Can an employer use an automated process in making shortlisting decisions?
Under the General Data Protection Regulation (2016/679 EU) (GDPR), individuals have the right not to be subject to a decision based solely on automated decision-making. The right applies where the decision would significantly affect the individual, which would cover a decision on whether or not to shortlist someone for employment.
There is an exception to this right where automated decision-making is "necessary" to enter into a contract. The guidelines on automated decision-making under the GDPR produced by the Article 29 Working Party (and endorsed by the European Data Protection Board, which replaced it) state that this exception could apply to allow solely automated shortlisting decisions if this is necessary due to an exceptionally high volume of applications for a vacancy (it gives the example of tens of thousands of applications). However, in most cases, it is unlikely that automated decision-making would be "necessary", as it will usually be possible to make the shortlisting decision with human intervention.

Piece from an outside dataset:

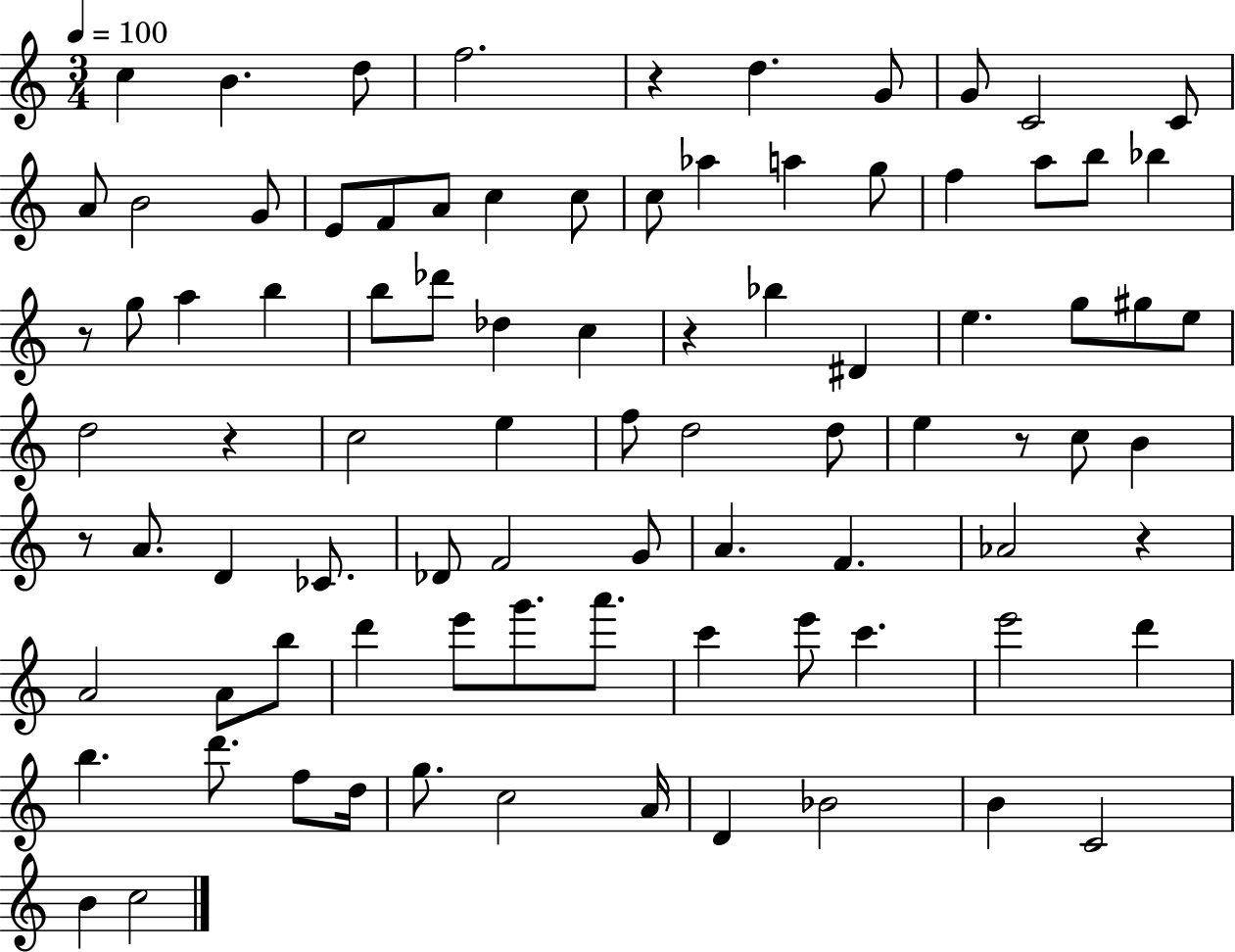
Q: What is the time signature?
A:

Even where the exception does apply, the employer can make shortlisting decisions on a solely automated basis only if it informs the individual of this and puts in place safeguards, including the right for the individual to require human intervention in the processing, to express a view and to contest the decision. The employer must ensure that there is a procedure in place to allow staff to review the decision and make a new assessment of whether or not to shortlist an individual, if they object.